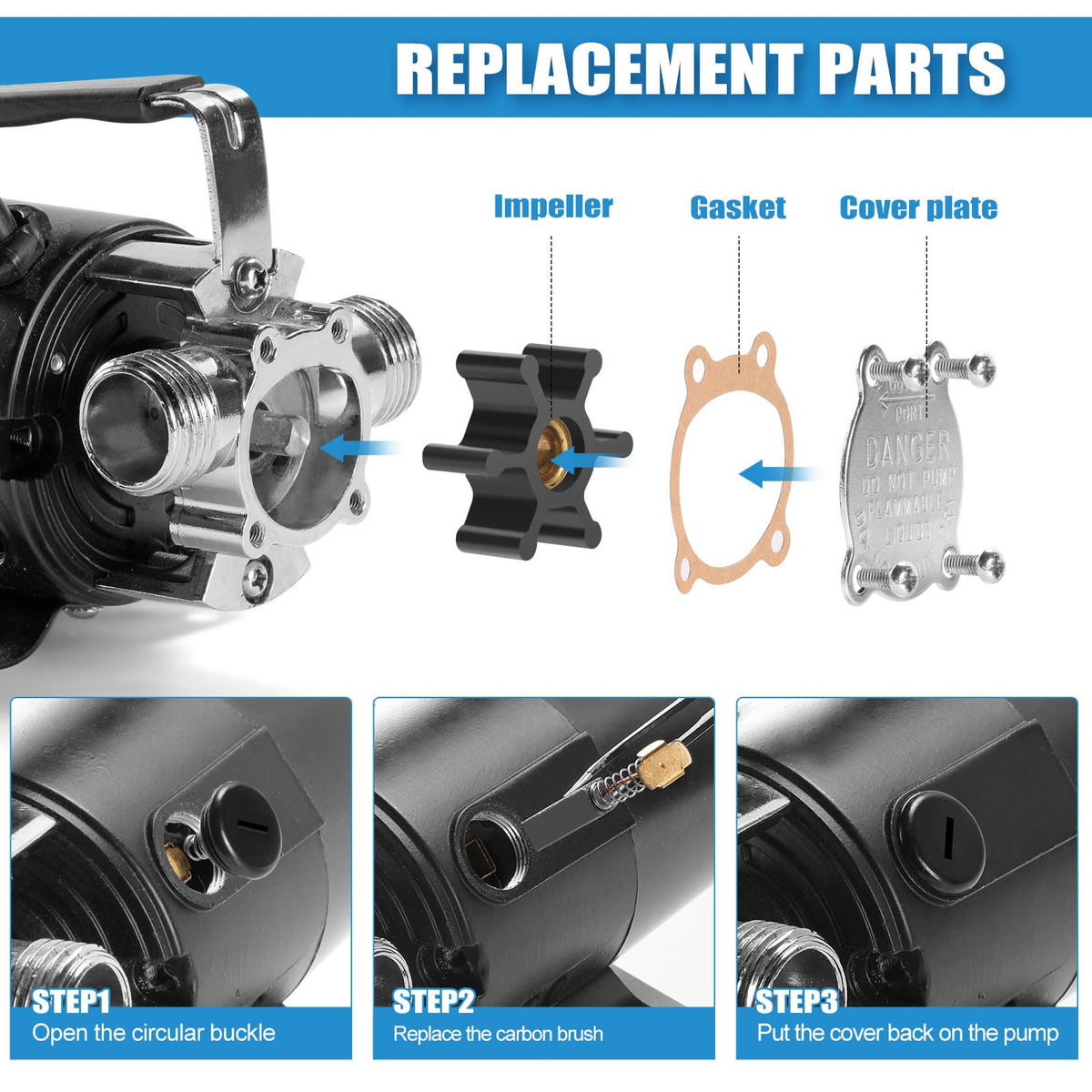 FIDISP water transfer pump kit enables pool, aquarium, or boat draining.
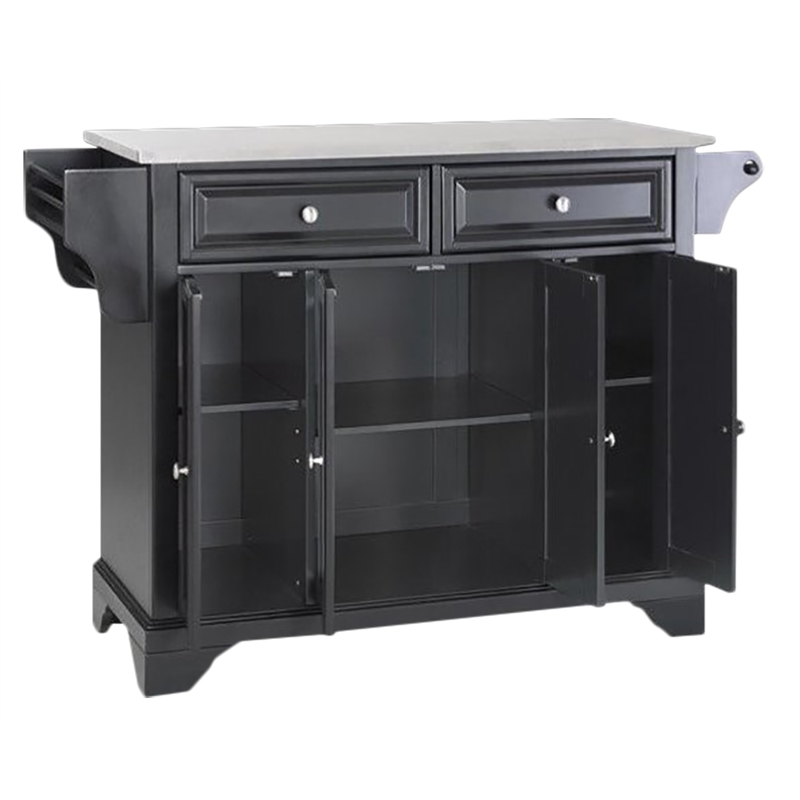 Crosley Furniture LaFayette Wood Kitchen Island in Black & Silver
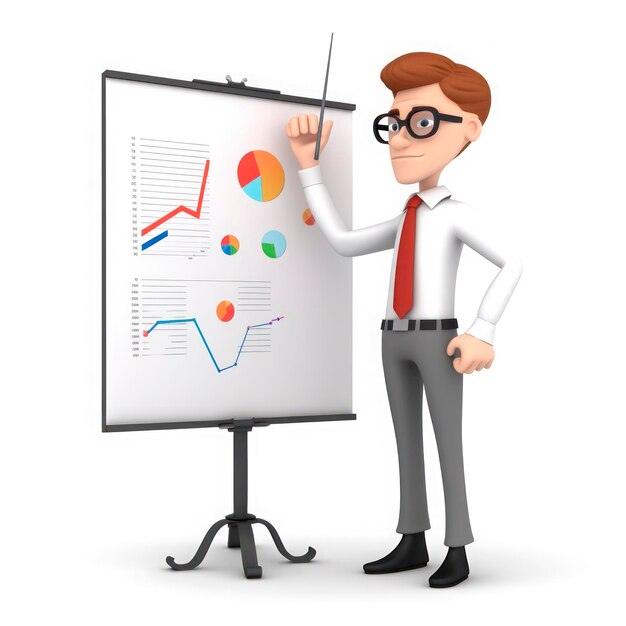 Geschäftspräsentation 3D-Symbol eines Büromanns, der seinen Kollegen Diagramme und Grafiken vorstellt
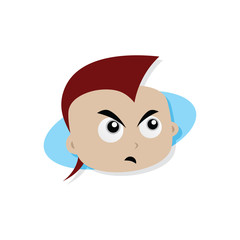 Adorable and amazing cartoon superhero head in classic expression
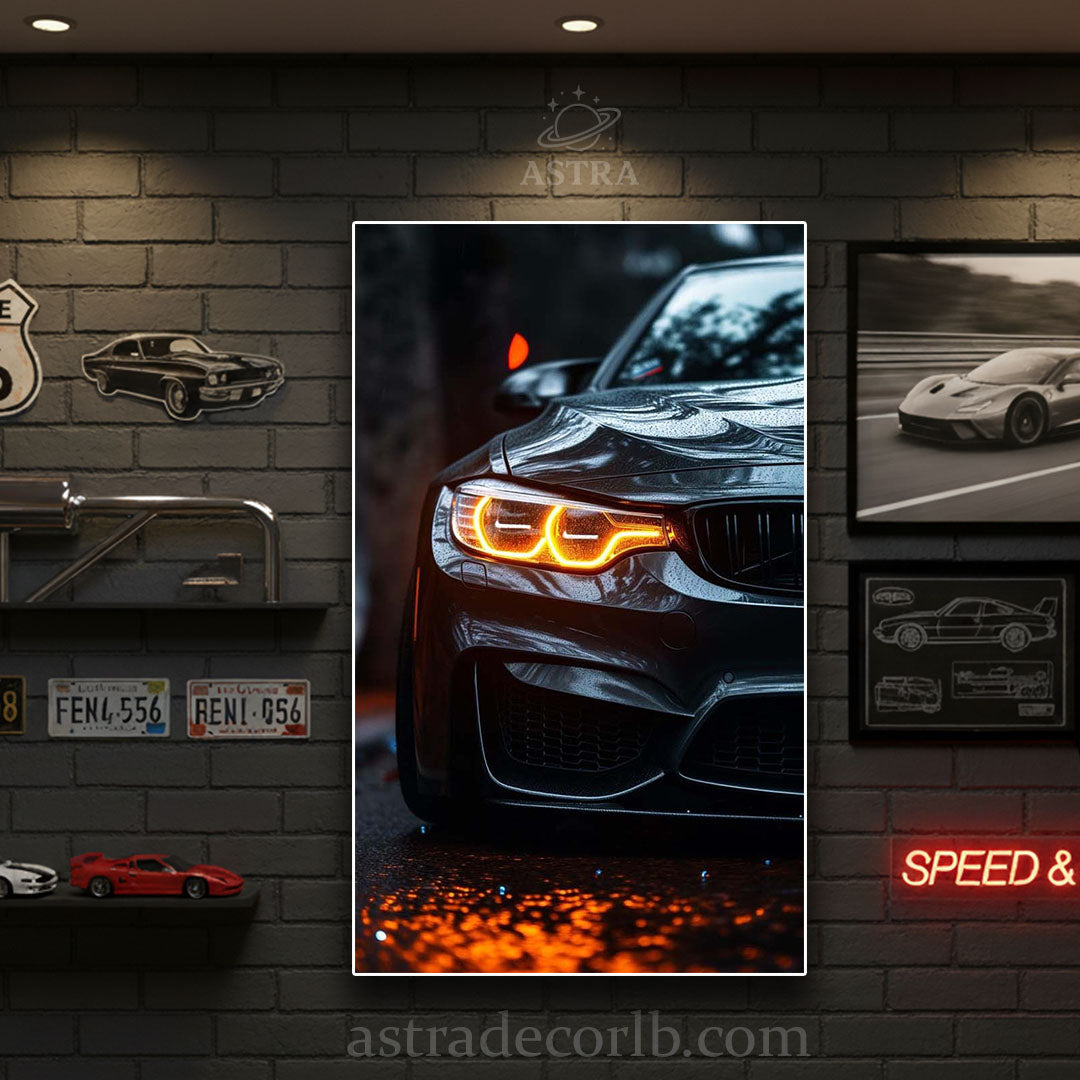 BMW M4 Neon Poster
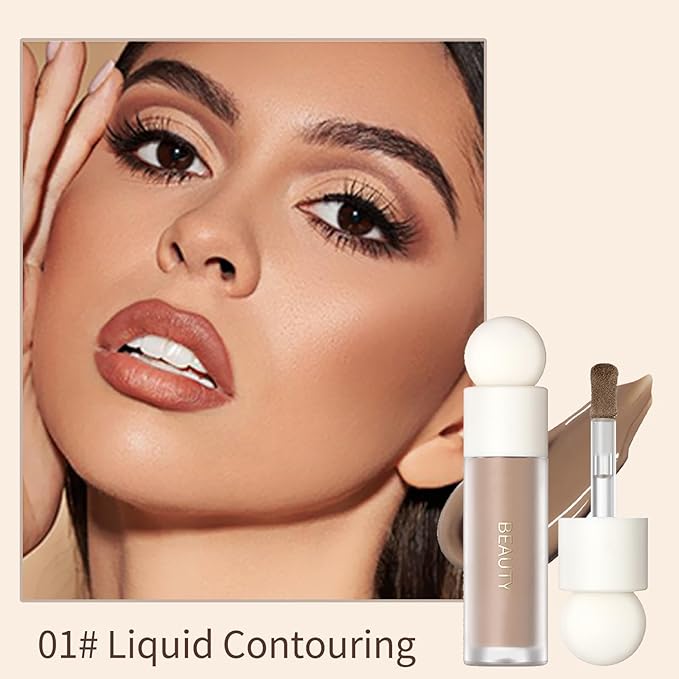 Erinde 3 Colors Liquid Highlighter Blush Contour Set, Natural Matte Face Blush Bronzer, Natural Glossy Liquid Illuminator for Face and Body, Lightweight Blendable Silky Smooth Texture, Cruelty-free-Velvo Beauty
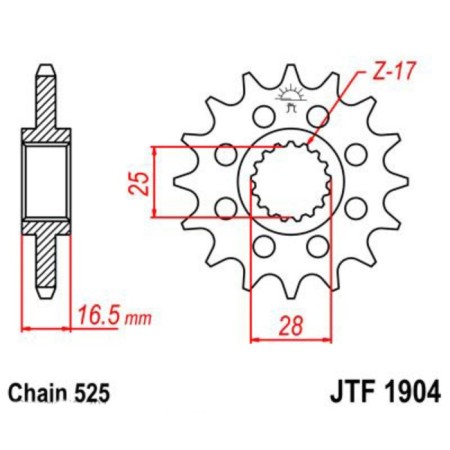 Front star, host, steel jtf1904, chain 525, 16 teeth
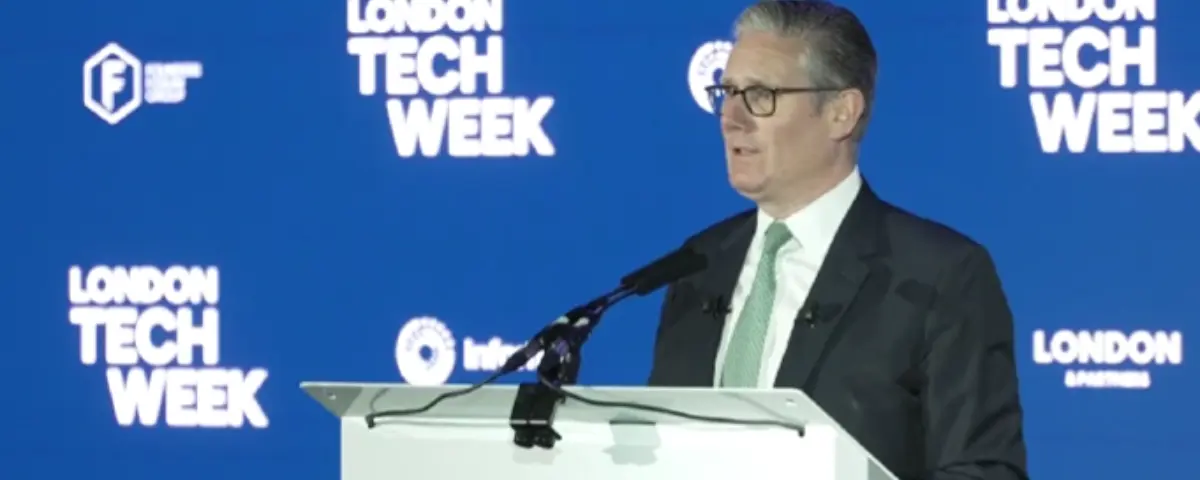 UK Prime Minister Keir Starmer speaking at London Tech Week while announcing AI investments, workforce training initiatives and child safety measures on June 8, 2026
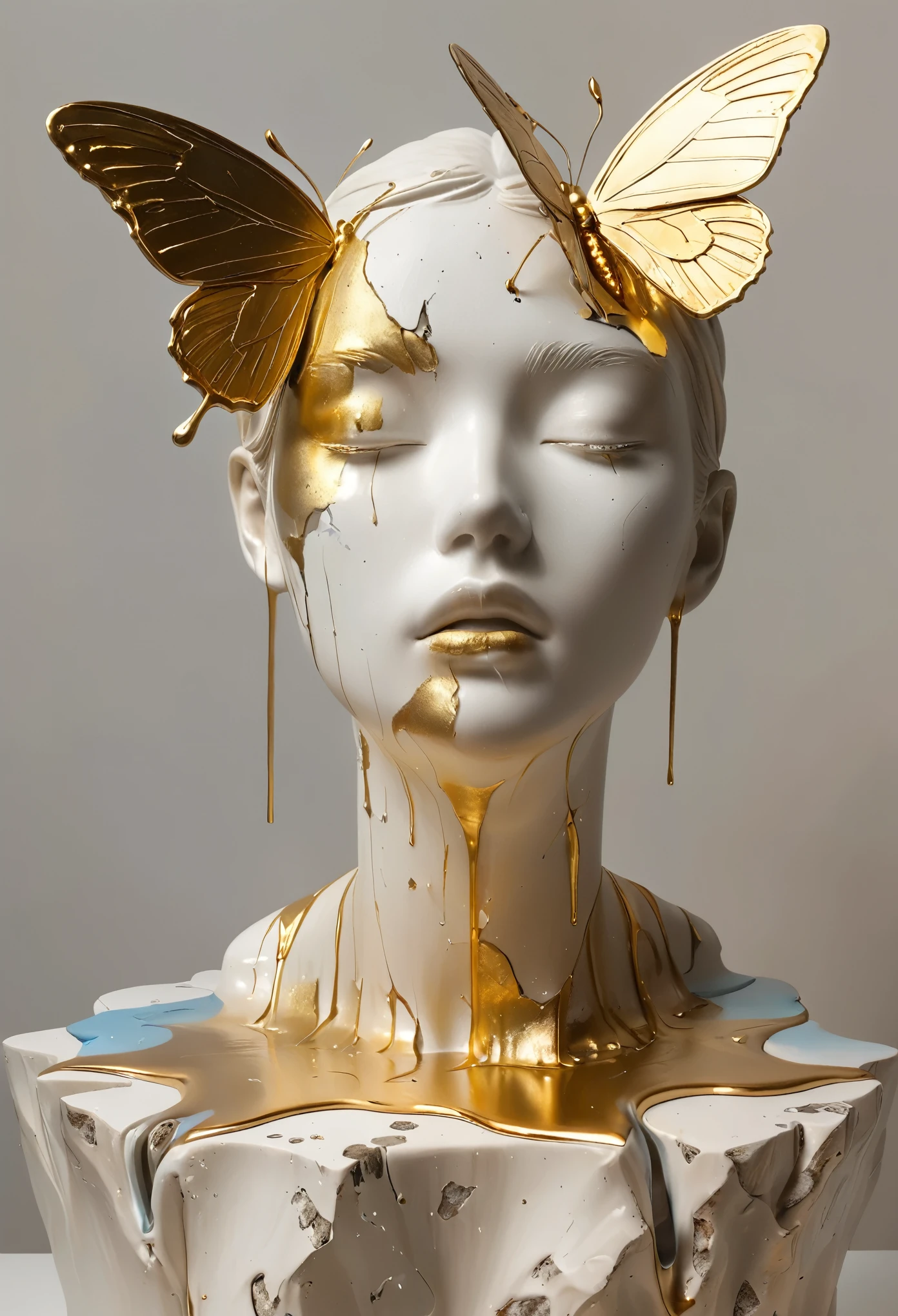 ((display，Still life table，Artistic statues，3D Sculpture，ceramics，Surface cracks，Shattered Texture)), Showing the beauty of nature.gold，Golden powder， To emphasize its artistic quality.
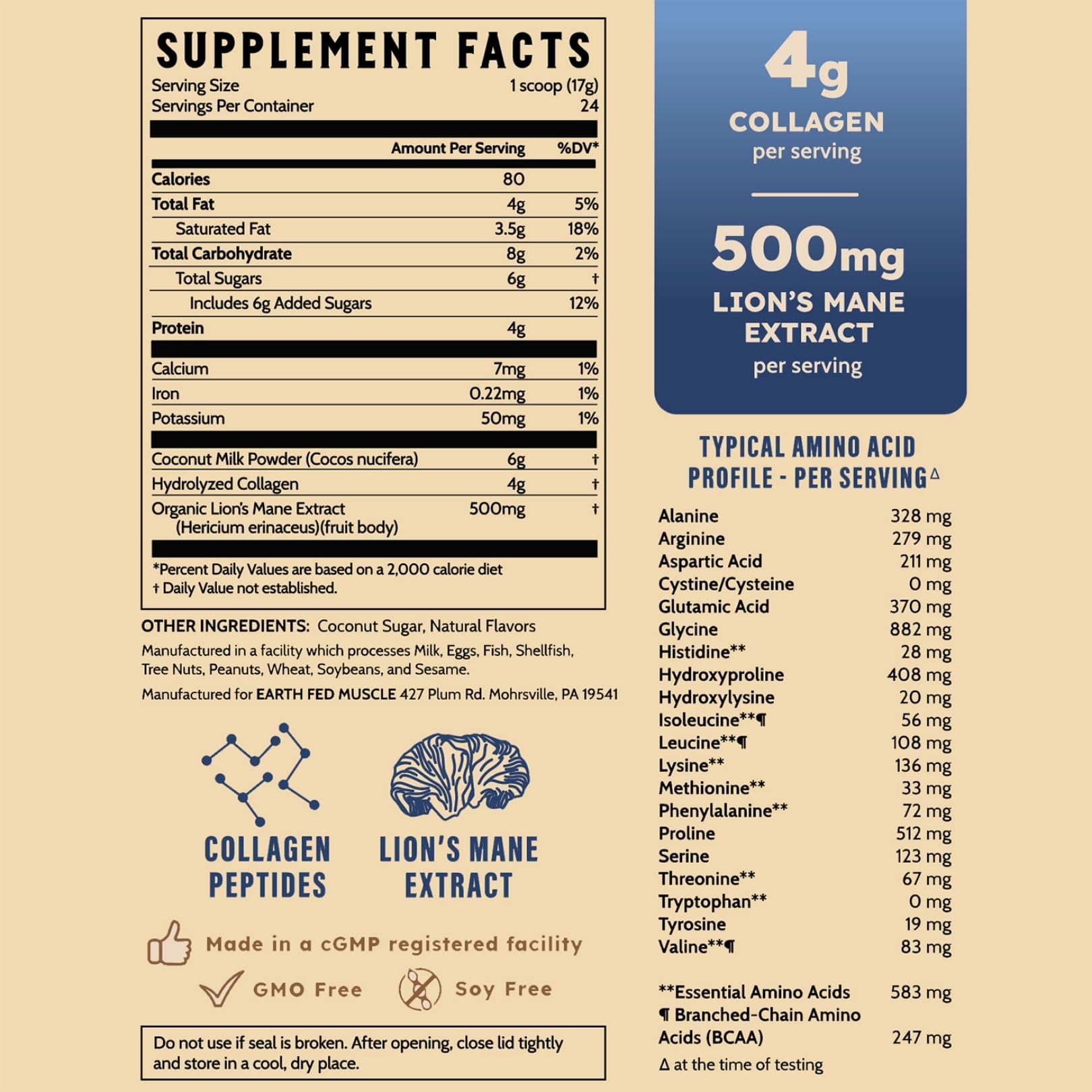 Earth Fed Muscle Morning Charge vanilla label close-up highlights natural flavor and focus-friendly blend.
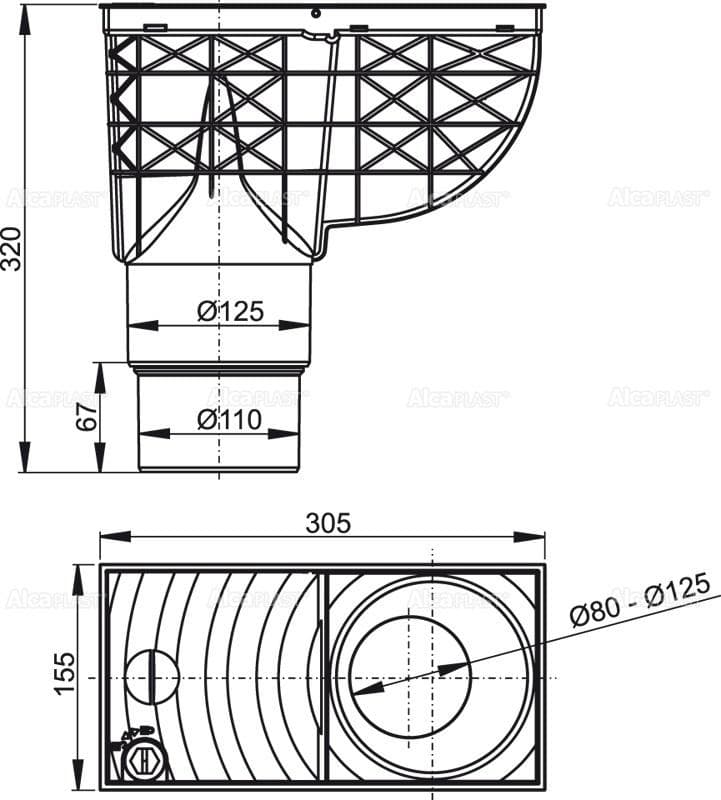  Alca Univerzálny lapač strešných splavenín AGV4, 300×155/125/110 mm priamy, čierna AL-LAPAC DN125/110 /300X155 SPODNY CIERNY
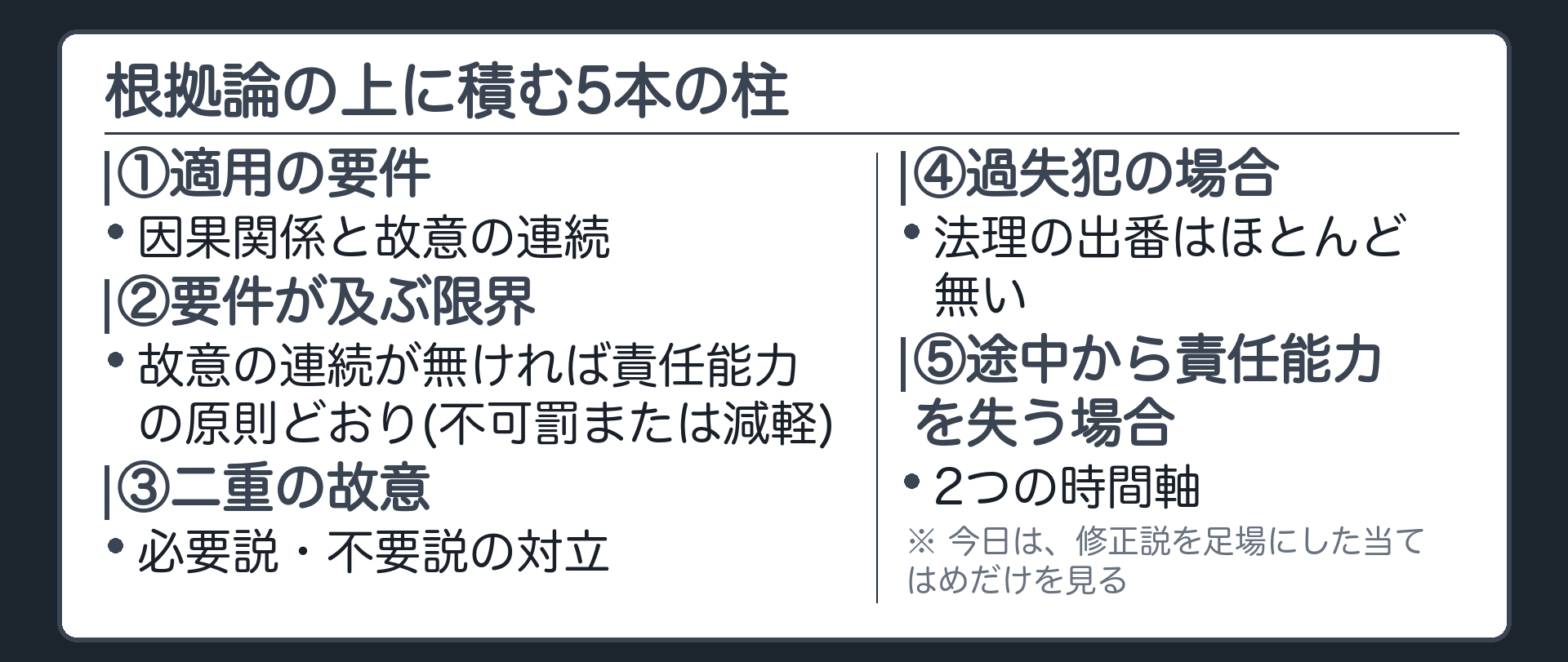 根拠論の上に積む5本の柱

What you should do >> Restate the entries above word for word, and keep the pictures out.

Reply to the exercise >>
 FIDISP water transfer pump kit enables pool, aquarium, or boat draining.
 Crosley Furniture LaFayette Wood Kitchen Island in Black & Silver
 Geschäftspräsentation 3D-Symbol eines Büromanns, der seinen Kollegen Diagramme und Grafiken vorstellt
 Adorable and amazing cartoon superhero head in classic expression
 BMW M4 Neon Poster
 Erinde 3 Colors Liquid Highlighter Blush Contour Set, Natural Matte Face Blush Bronzer, Natural Glossy Liquid Illuminator for Face and Body, Lightweight Blendable Silky Smooth Texture, Cruelty-free-Velvo Beauty
 Front star, host, steel jtf1904, chain 525, 16 teeth
 UK Prime Minister Keir Starmer speaking at London Tech Week while announcing AI investments, workforce training initiatives and child safety measures on June 8, 2026
 ((display，Still life table，Artistic statues，3D Sculpture，ceramics，Surface cracks，Shattered Texture)), Showing the beauty of nature.gold，Golden powder， To emphasize its artistic quality.
 Earth Fed Muscle Morning Charge vanilla label close-up highlights natural flavor and focus-friendly blend.
  Alca Univerzálny lapač strešných splavenín AGV4, 300×155/125/110 mm priamy, čierna AL-LAPAC DN125/110 /300X155 SPODNY CIERNY
 根拠論の上に積む5本の柱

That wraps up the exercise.